** Exercise **
Please keep pictures out and return the lines below exactly, from the one holding "Серый Опель Омега, объемом" through the last, both included.

Raw data Start Marker

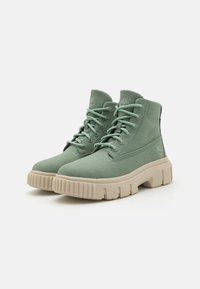 Stivaletti alla caviglia in tela verde con suole spesse beige, caratterizzati da lacci rotondi e dettagli del logo sui lati. Superficie testurizzata e design alto.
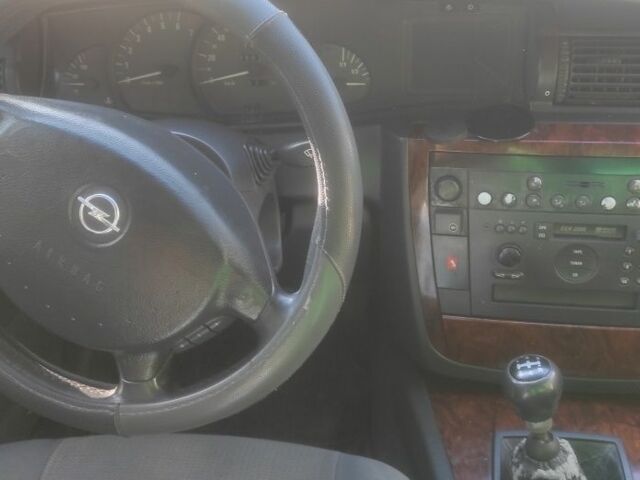 Серый Опель Омега, объемом двигателя 2.2 л и пробегом 356 тыс. км за 3500 $, фото 3 на Automoto.ua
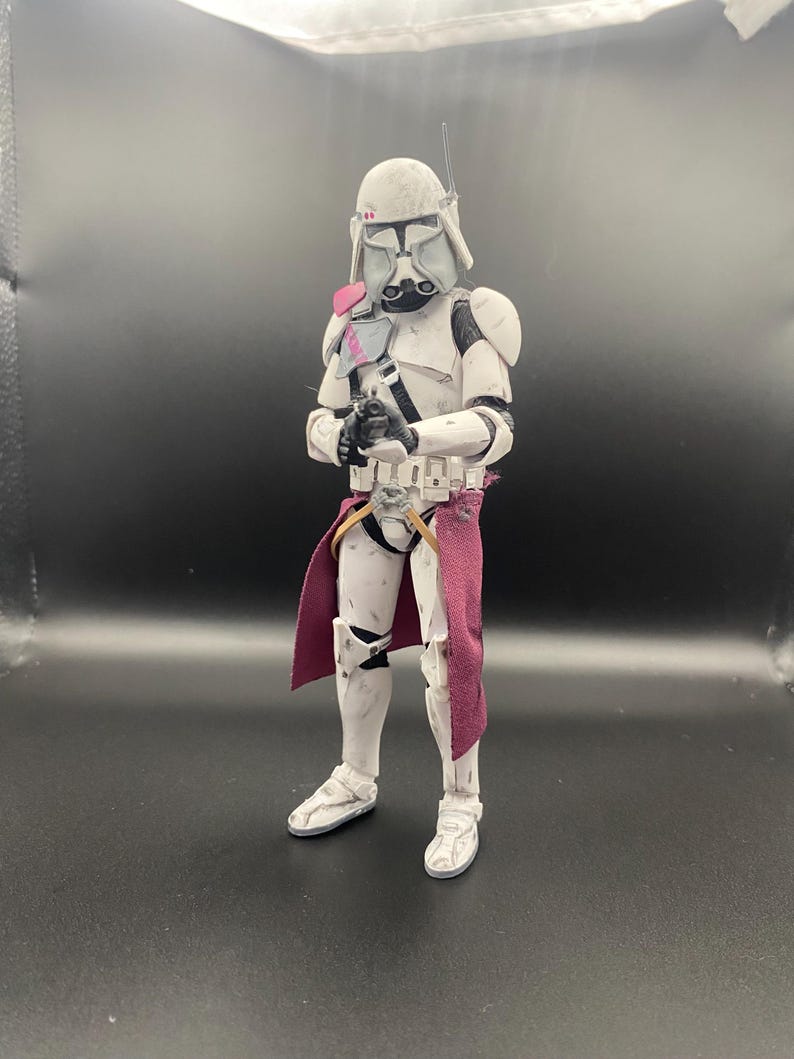 Pu&ograve; includere: Action figure bianca e grigia di un soldato in armatura, con un'arma nera. La figura ha un elmetto, spalline e una sciarpa bordeaux. La figura &egrave; su una superficie scura.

Raw data End Marker

** Response for this exercise **
 Серый Опель Омега, объемом двигателя 2.2 л и пробегом 356 тыс. км за 3500 $, фото 3 на Automoto.ua
 Pu&ograve; includere: Action figure bianca e grigia di un soldato in armatura, con un'arma nera. La figura ha un elmetto, spalline e una sciarpa bordeaux. La figura &egrave; su una superficie scura.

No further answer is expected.